As viewed through a fisheye lens, demonstrators hold a sign on the steps before a news conference outside the United States Court of Appeals for the Tenth Circuit Tuesday, May 14, 2024, in Denver. The “Save Sisterhood” demonstration and news conference were staged after oral arguments for the landmark Westenbroek et al v. Kappa Kappa Gamma sorority lawsuit. The suit claims that the sorority violated bylaws by allowing a male to join the chapter at the University of Wyoming in 2022. (AP Photo/David Zalubowski)


DENVER (AP) — Federal appellate court judges expressed doubt Tuesday about whether they could rule on a transgender woman’s admission into a University of Wyoming sorority or if a lower court should continue to hear the case.

The admission of Artemis Langford into the Kappa Kappa Gamma sorority prompted a lawsuit from six other sorority members last year. After hearing from both sides in the case, the three-judge U.S. 10th Circuit Court of Appeals took the arguments under advisement without ruling.

The case at Wyoming’s only four-year public university has drawn widespread attention as transgender people fight for more acceptance in schools, athletics, workplaces and elsewhere, while others push back.

In their lawsuit, the six current and former members of the Kappa Kappa Gamma sorority chapter in Laramie, Wyoming, challenge Langford’s admission by casting doubt on whether sorority rules allowed a transgender woman.

An attorney for the sorority sisters told the judges Tuesday the national sorority council was unfair to sorority members by changing who could belong. However, the bulk of the judges’ questions and remarks to attorneys focused on whether the case was even ripe for appeal.

Last summer, U.S. District Judge Alan Johnson in Cheyenne dismissed the case without prejudice in a ruling that suggested the lawsuit could be refiled in his court. That alone should forestall appeal, attorneys for the Ohio-based sorority argue in court documents.

Appellate Judge Carolyn McHugh expressed openness to that argument.

“It seems to me it’s not final,” McHugh told the sorority sisters’ attorney, May Mailman, at the outset of Tuesday’s oral arguments.

Mailman told the judges the case was sufficiently resolved in district court to allow appeal. But appellate Judge Richard Federico voiced similar doubts.

“The district court is offering you a lifeline,” he told Mailman.

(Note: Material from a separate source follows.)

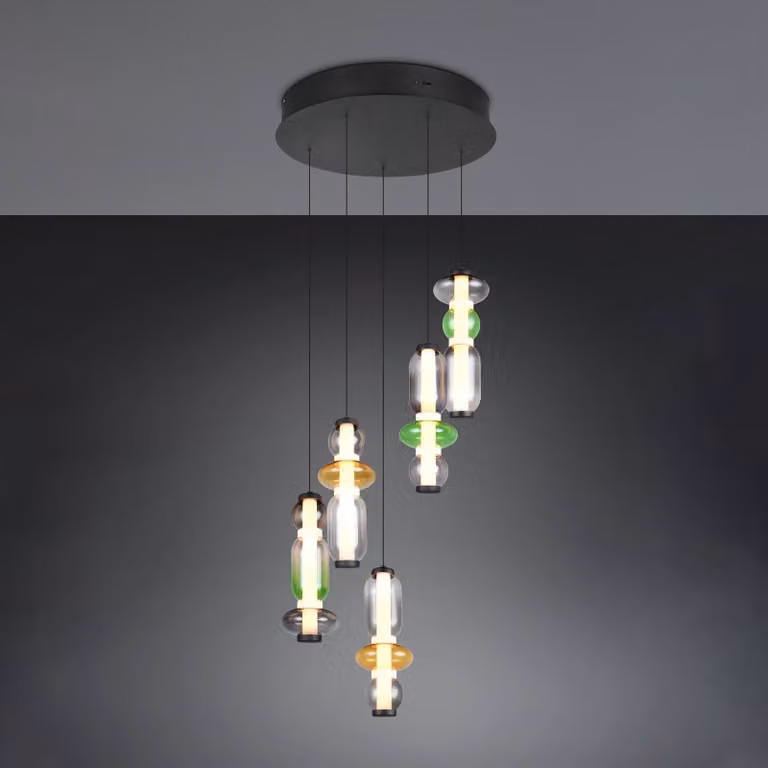 Trio Lighting Lampada a sospensione in vetro Minerva, dimmerabile, Multicolore, Soggiorno / Sala da pranzo, Vetro, Lampada a sospensione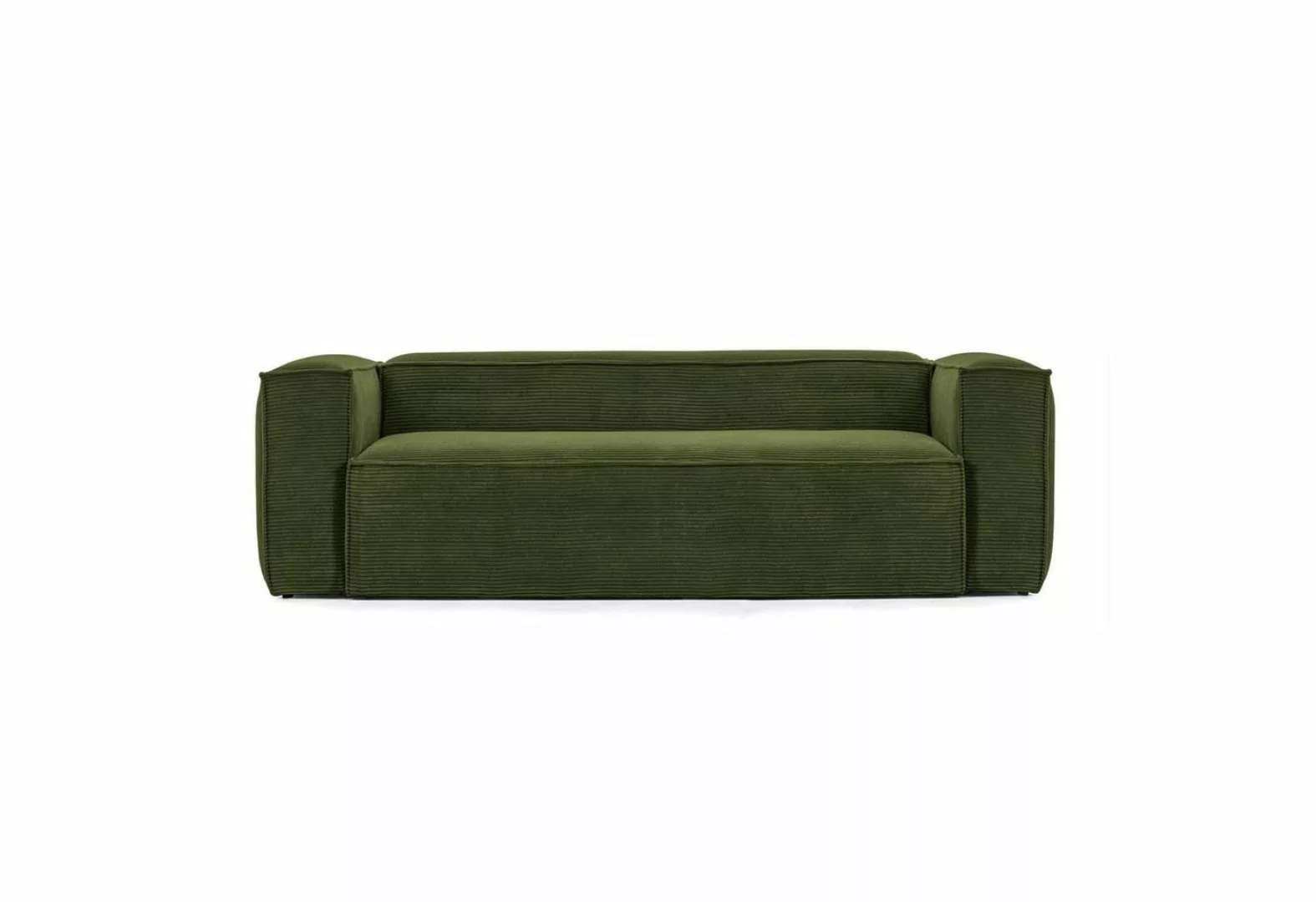 Natur24 Sofa Sofa Blok 3-Sitzer dicker Cord grün 240cm Couch Sitzgarnitur günstig online kaufen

Mailman argued that by allowing transgender women into the chapter at the university, the national sorority council and president violated their obligation to sorority members to faithfully follow sorority bylaws. State law in Ohio, however, gives the volunteer board for the private, Ohio-based organization wide leeway to define terms in those bylaws, including who’s a woman, argued Kappa Kappa Gamma attorney Natalie McLaughlin.

A court may get involved only if such an interpretation is unreasonable or arbitrary but that wasn’t the case, McLaughlin added.

The arguments drew a handful of demonstrators outside the federal courthouse holding signs that read “Save Sisterhood” and “Women have the right to women’s only spaces.”

“We shouldn’t have to say ‘Here’s why I need my women’s space.’ Women’s spaces should be protected, period,” Mailman said at a news conference after the arguments.

The argument that a court should be able to tell a private organization how to define a woman flies in the face of conservative skepticism about big government, the Wyoming LGBTQ+ advocacy group Wyoming Equality said in a statement.

“They are arguing against the right of organizations to determine their own membership,” Director Sara Burlingame said. “I am optimistic that the 10th Circuit will agree with Judge Johnson.”

The sorority sisters’ lawsuit against Kappa Kappa Gamma and its president, Mary Pat Rooney, claimed Langford made them feel uncomfortable in the sorority house. Langford has been dropped from the lawsuit on appeal.